**Requirement**. Set every record down verbatim and omit the pictures.

################

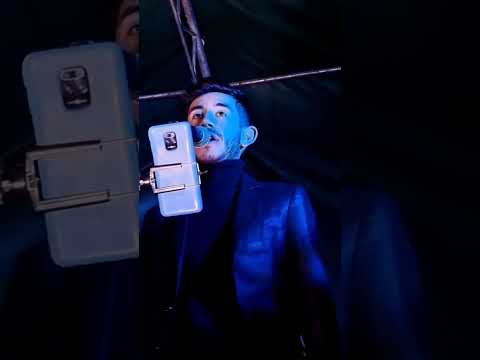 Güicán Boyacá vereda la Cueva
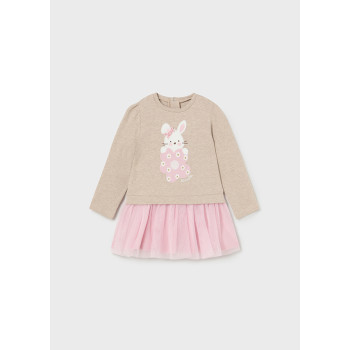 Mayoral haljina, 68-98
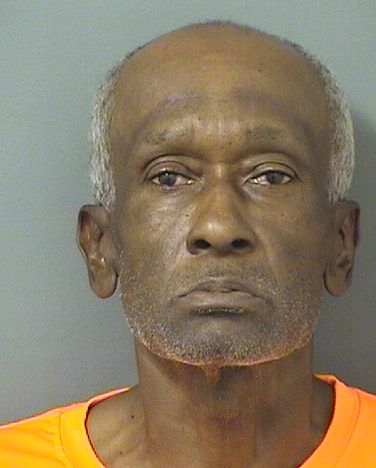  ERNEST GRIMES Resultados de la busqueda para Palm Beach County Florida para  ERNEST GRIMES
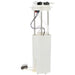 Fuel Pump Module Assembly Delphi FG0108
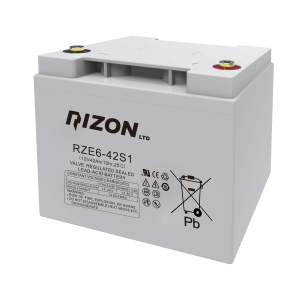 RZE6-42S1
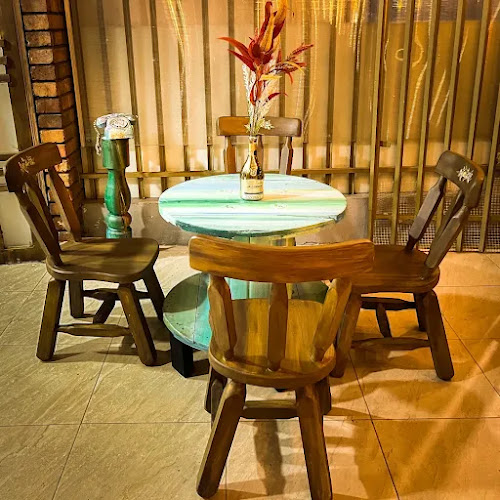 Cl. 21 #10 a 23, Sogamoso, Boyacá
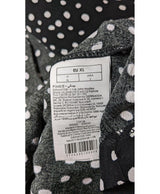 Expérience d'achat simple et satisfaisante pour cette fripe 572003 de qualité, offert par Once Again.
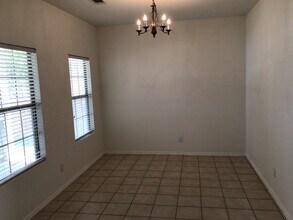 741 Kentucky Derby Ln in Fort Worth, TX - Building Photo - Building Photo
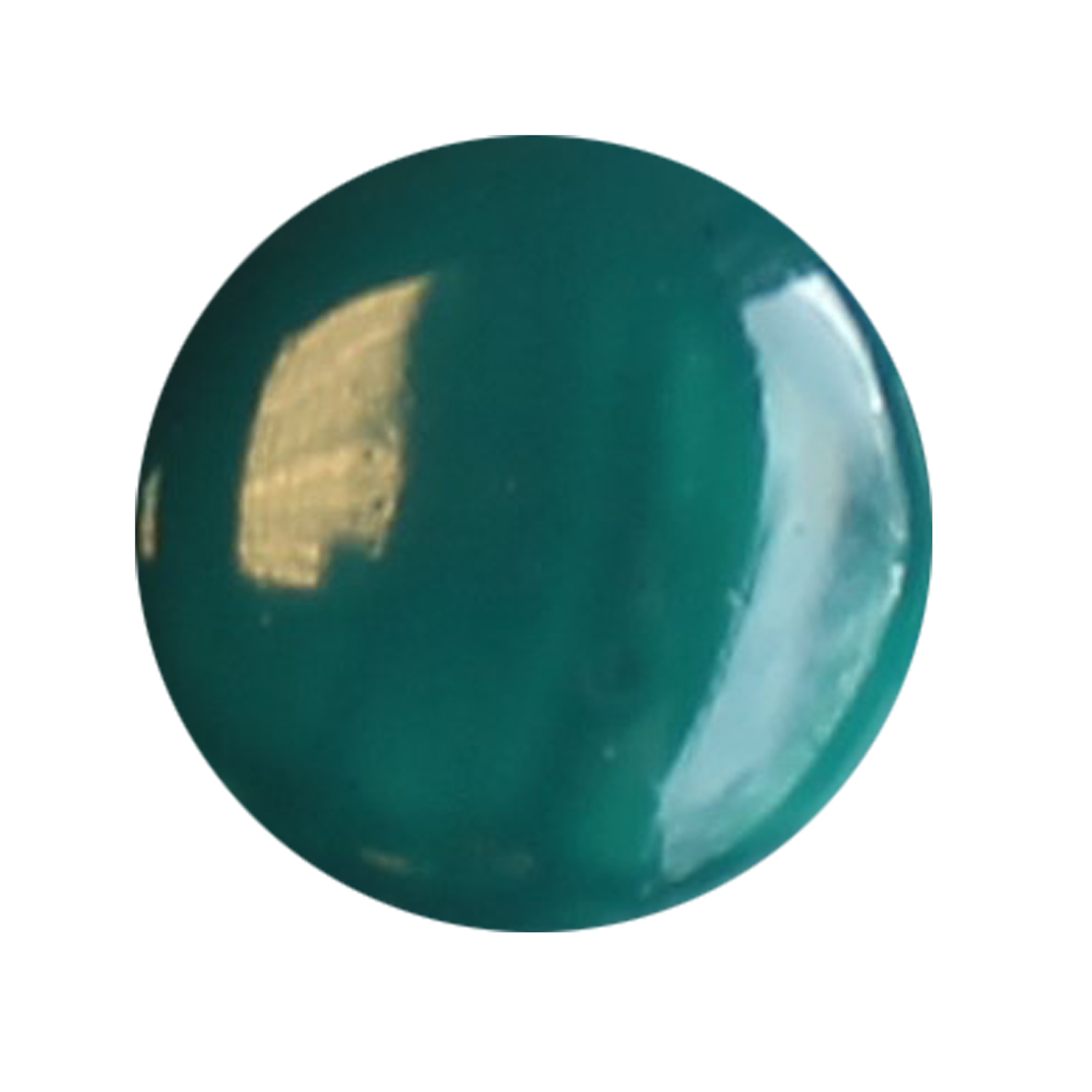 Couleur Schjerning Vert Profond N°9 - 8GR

################

**Problem solution**.
 Güicán Boyacá vereda la Cueva
 Mayoral haljina, 68-98
  ERNEST GRIMES Resultados de la busqueda para Palm Beach County Florida para  ERNEST GRIMES
 Fuel Pump Module Assembly Delphi FG0108
 RZE6-42S1
 Cl. 21 #10 a 23, Sogamoso, Boyacá
 Expérience d'achat simple et satisfaisante pour cette fripe 572003 de qualité, offert par Once Again.
 741 Kentucky Derby Ln in Fort Worth, TX - Building Photo - Building Photo
 Couleur Schjerning Vert Profond N°9 - 8GR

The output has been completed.